Alors, ce que Glover a fait, c’ est ôter son gant chirurgical en même temps qu’ il tenait un disque surnuméraire sur le chemin qui le menait du tapis roulant au broyeur. Là, en deux temps, trois mouvements, il allait envelopper le gant chirurgical autour du disque et faire un nœud. Puis, tout en faisant semblant de mettre en route le broyeur, il allait ouvrir le tableau de bord, son réceptacle à déchet ou bien sa boîte à fusibles. Après avoir regardé rapidement autour de lui pour s’ assurer qu’ il était seul, il allait cacher le disque gantelé dans une petite fente de la machine et broyer tout le reste. À la fin de son poste, il retournerait à la machine et, au moment de l’ éteindre pour la journée, il récupérerait le disque planqué dans sa cachette.

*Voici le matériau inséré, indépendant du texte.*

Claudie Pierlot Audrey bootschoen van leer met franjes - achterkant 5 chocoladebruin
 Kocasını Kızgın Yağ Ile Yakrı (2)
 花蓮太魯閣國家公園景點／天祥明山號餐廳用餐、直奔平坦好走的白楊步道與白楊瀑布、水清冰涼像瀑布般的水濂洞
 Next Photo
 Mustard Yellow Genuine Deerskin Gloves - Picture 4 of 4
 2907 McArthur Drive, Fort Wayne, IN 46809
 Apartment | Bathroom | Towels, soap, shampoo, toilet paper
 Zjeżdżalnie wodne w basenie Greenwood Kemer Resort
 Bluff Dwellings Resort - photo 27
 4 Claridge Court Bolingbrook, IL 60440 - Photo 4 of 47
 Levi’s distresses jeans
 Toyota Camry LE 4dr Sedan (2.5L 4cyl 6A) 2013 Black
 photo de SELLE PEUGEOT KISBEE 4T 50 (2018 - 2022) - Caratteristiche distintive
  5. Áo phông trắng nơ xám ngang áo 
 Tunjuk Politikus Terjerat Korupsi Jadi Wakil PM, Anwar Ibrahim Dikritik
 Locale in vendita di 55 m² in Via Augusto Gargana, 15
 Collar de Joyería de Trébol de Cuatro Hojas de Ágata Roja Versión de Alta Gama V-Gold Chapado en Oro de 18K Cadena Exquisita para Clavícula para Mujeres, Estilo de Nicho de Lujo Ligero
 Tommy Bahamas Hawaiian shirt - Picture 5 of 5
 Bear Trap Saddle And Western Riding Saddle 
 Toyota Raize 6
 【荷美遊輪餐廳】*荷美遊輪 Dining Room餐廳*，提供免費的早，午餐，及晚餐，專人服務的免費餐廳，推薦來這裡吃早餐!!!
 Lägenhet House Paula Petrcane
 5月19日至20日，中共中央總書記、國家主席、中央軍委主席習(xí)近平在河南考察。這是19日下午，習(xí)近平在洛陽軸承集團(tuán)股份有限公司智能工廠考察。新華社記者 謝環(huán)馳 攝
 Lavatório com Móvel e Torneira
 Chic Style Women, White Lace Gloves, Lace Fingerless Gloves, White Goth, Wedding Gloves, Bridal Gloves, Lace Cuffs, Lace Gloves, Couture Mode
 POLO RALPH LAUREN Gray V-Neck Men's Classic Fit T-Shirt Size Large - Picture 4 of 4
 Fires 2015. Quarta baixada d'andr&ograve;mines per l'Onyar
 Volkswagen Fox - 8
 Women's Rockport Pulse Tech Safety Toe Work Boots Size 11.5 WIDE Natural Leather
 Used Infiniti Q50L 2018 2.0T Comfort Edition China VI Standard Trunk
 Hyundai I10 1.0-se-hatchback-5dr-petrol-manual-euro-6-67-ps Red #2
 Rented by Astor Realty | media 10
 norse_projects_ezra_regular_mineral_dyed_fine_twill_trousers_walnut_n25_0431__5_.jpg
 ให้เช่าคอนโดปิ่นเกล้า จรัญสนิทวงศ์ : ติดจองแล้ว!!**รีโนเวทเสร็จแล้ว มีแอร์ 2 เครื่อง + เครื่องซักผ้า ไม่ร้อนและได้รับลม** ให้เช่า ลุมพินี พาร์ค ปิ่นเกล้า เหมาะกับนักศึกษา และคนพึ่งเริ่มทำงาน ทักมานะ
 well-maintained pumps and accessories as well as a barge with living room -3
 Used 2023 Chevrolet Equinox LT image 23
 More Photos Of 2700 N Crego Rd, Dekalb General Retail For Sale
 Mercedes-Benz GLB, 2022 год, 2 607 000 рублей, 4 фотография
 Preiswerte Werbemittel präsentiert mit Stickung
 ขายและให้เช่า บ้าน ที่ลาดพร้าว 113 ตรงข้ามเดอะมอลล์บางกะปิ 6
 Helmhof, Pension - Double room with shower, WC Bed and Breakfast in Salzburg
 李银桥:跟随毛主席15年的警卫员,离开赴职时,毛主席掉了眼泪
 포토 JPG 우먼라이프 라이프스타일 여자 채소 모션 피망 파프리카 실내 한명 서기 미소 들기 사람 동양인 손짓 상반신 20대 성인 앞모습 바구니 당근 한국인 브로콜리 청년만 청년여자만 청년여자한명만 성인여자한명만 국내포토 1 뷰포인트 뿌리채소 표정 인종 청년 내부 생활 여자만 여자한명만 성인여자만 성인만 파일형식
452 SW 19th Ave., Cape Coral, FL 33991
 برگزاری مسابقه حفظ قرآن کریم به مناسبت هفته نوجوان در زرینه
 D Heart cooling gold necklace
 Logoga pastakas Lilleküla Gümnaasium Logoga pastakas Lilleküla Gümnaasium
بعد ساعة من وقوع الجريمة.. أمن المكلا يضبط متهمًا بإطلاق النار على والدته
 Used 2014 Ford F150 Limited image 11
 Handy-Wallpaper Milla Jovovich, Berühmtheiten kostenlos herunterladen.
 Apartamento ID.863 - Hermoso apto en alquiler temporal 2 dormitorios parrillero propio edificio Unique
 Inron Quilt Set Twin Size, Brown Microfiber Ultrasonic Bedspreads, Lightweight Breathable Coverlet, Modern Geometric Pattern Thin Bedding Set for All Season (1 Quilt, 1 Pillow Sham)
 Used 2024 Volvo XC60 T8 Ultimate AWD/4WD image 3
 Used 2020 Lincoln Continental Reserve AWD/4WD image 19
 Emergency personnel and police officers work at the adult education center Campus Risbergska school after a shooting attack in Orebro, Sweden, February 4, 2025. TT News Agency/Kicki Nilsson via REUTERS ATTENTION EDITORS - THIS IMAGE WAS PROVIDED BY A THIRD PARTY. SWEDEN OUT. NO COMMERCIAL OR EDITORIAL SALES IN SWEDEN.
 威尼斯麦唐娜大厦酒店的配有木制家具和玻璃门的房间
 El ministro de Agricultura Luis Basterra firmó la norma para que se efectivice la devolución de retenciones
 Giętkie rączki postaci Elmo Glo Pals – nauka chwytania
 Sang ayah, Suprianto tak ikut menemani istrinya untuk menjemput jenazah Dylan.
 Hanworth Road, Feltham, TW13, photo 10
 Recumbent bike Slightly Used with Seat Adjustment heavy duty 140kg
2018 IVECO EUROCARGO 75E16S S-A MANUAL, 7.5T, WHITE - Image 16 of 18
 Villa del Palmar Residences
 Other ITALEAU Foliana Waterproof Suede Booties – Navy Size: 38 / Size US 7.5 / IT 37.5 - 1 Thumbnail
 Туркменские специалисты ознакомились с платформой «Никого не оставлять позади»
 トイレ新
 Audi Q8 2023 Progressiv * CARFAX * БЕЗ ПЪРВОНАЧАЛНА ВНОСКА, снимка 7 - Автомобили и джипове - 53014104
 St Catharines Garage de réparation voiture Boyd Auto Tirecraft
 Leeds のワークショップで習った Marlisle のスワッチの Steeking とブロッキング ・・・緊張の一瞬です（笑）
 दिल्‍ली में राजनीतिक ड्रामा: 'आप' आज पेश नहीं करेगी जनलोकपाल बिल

Restaient les agents de sécurité et leur détecteur … Glover n’ avait pas envie de prendre de risques; même si Universal lui assurait posément que les détections se faisaient par tirage au sort, il savait qu’ ils avaient les employés de la ligne d’ emballage dans le collimateur. Il avait luimême été « tiré au sort » et passé au détecteur des centaines de fois. Mais dans le même temps que les agents observaient Glover, Glover les observait en retour, et un jour, presque par accident, il a fait une découverte intéressante. Glover portait généralement des baskets pour aller travailler, mais ce jour-là, il portait des chaussures de chantier avec des talons en métal. Quand on lui a tapé sur l’ épaule pour le passer au détecteur, l’ agent a scanné ses pieds et le détecteur a produit un son strident. L’ agent a demandé à Glover si les bottes avaient des bouts en métal, et Glover a confirmé que c’ était le cas. Et alors, sans l’ inspecter davantage, l’ agent l’ a invité à passer.